Banjir komentar dari masyarakat di media sosial mengacu kepada satu kata yakni " Adab". Penulis sering mendengar bahwa semakin tinggi pohon maka akan semakin banyak angin yang akan lewat. Menurut sudut pandang penulis dari kalimat tersebut bahwa gerak-gerik pemimpin sekecil apapun akan menjadi indikator atau legacy untuk ditiru oleh bawahannya. Penulis baru saja membaca buku berjudul "Adab Berpolitik" karya dari Imam Al Ghazali bahwa " dunia adalah sisa peninggalan kekuasaan orang-orang terdahulu yang pernah berkuasa. Mereka memang sudah berlalu dan lenyap, tetapi mereka tetap akan terus diingat oleh manusia. Setiap orang dikenang karena perilaku dan tindakannya."

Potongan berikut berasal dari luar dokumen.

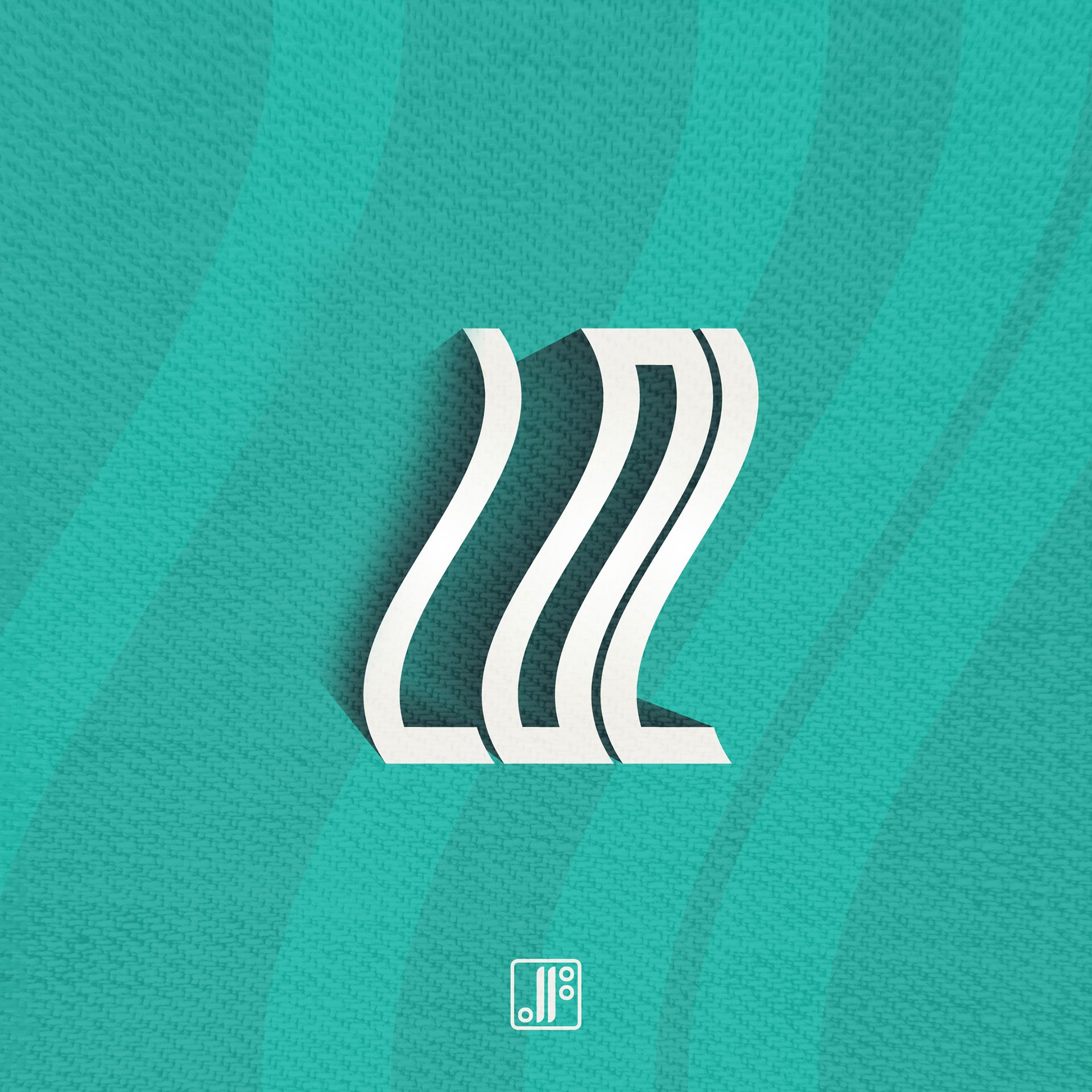 Typographic layouts, image 1 of 5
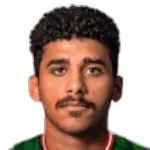 阿瓦德·達哈爾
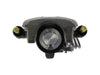 Disc Brake Caliper Centric Parts 141.61524NB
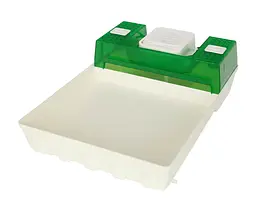 Мікроферма EasyGreen EGL 55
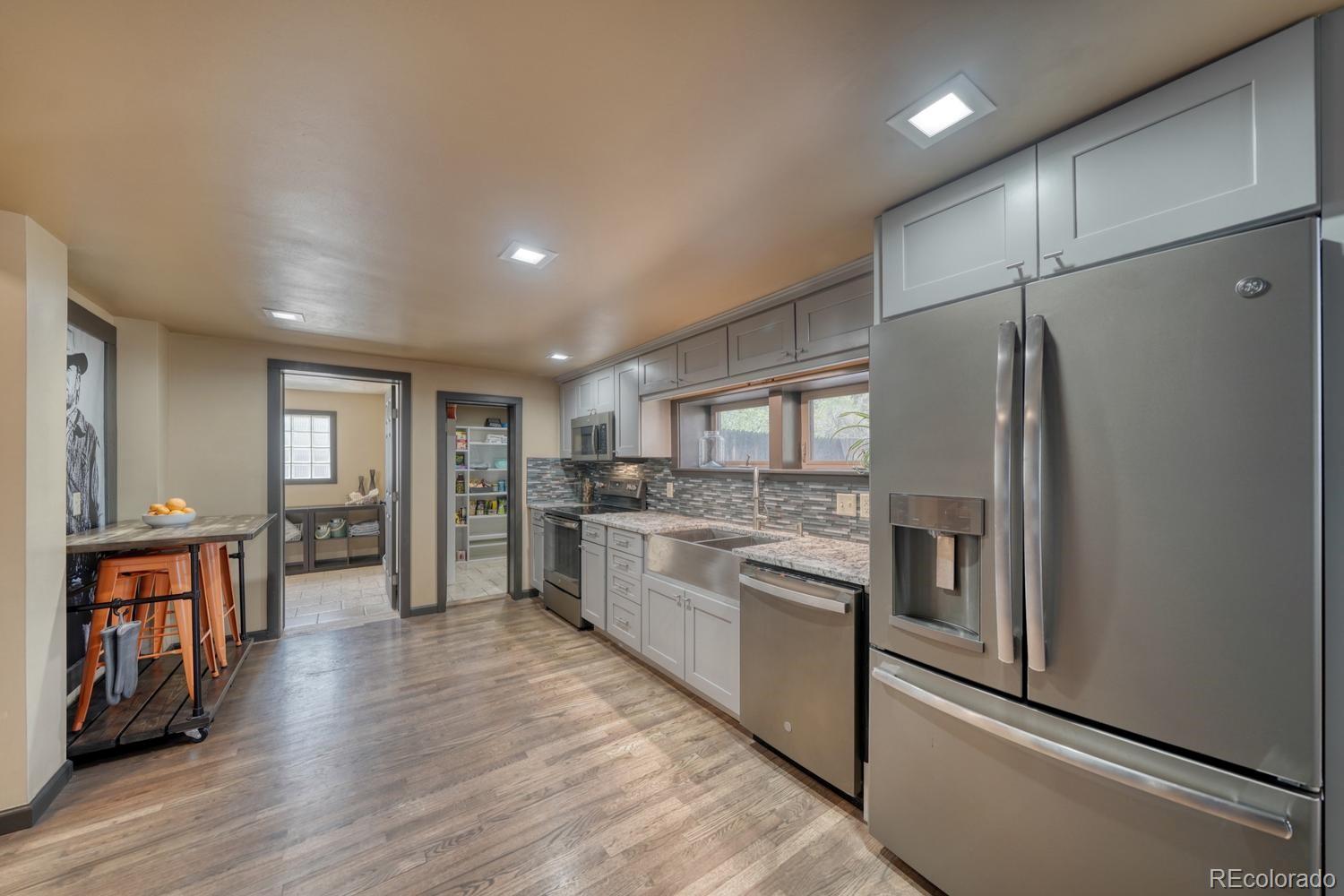 MLS Image #9 for 1108  h street,salida, Colorado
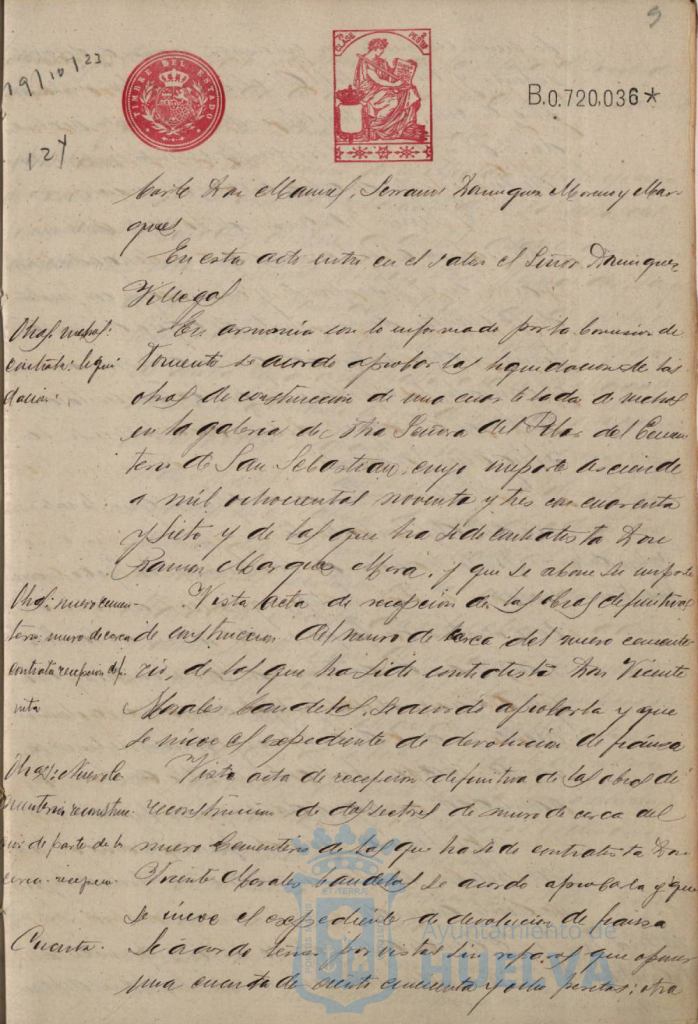 * Image 6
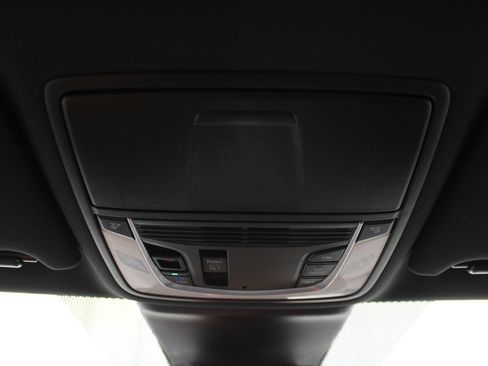 Used 2023 Acura TLX SH-AWD w/ A-SPEC Pkg image 33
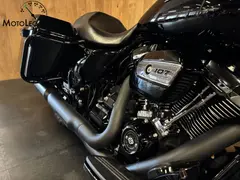 Harley-Davidson Road King Special Flhrxs 2018 occasion – foto 11 van 23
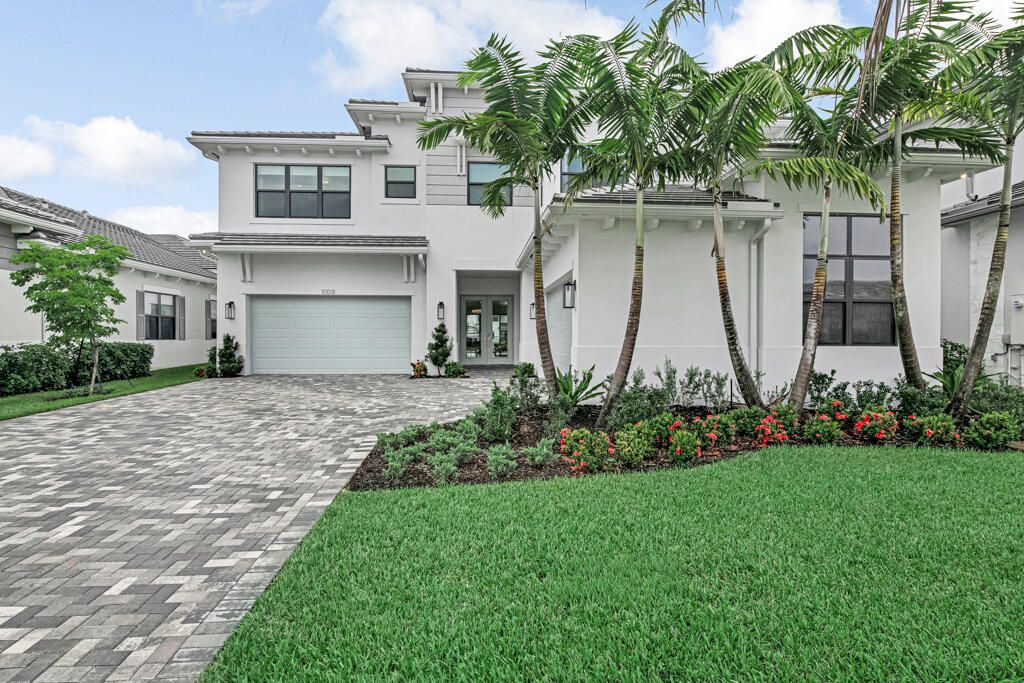 10018 Skyloft Street, Palm Beach Gardens, FL 33412 Photo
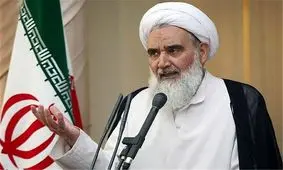 علم در کنار معنویت تضمین سعادت یک ملت است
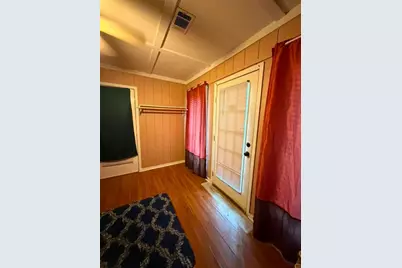 135 Windy Hill Road, Fayetteville, GA 30214 - Photo 15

Mungkin kejadian ini bisa menjadi bahan instropeksi sebagai manusia yang tak luput dari kesalahan. Sebagaimana penulis ingat ketika Sayyidina Zainal Abidin dicaci maki bahkan dihina oleh seseorang beliau malah justru bersyukur, mengapa ? Kata beliau karena orang yang mencaci maki atau menghina tersebut ternyata lebih mempergunakan sebagian waktunya untuk memikirkan diri kita, dan kita tanpa bersusah payah mencari kekurangan diri sendiri, melalui orang lain menujukkan hal tersebut agar kita meningkatkan kualitas diri. Syukur kedua adalah bahwa tanda Allah masih sayang dengan diri ini karena masih banyak ternyata aib yang ditutupi oleh Allah. Hanya sedikit saja yang disebutkan oleh pencaci maki tersebut.
Dari ibu tersebut penulis belajar bahwa kebenaran walau pahit namun suatu waktu pasti akan menemukan momentumnya. Penulis pun melihat bahwa orang yang memiliki keberanian untuk mengkritik itu adalah orang yang hebat, karena mereka siap dengan segala konsekuensi yang diterimanya dan tetap berpijak pada keyakinan kebenaran. Sebagaimana Umar bin Abdul Aziz yang tegas kepada setiap kebenaran sehingga pada zamannya keadilan merajalela namun sebagian orang tak suka dengan kebijakannya tersebut karena dianggap membatasi sebagian kelompok tertentu.
Entah mana yang benar atau pun yang salah ,masing-masing saling memberi argumen bahwa salah satu dari mereka adalah korban dari perasaan tidak dihargai dan saling melempar tuduhan bahwa salah satunya tidak beradab. Sebenarnya Islam sudah jelas mengajarkan dalam menyelesaikan masalah ini harus mengutamakan tabayyun. Terlepas dari jabatan atau gengsi, perilaku kita hari ini ditonton jutaan peserta didik. Jika kejadian ini diselesaikan dengan tabayyun elegan dengan masing-masing pihak mempunyai i'tikad baik untuk menyelesaikan secara damai tanpa ada sikap formalitas belaka maka hal ini akan memunculkan adab effect.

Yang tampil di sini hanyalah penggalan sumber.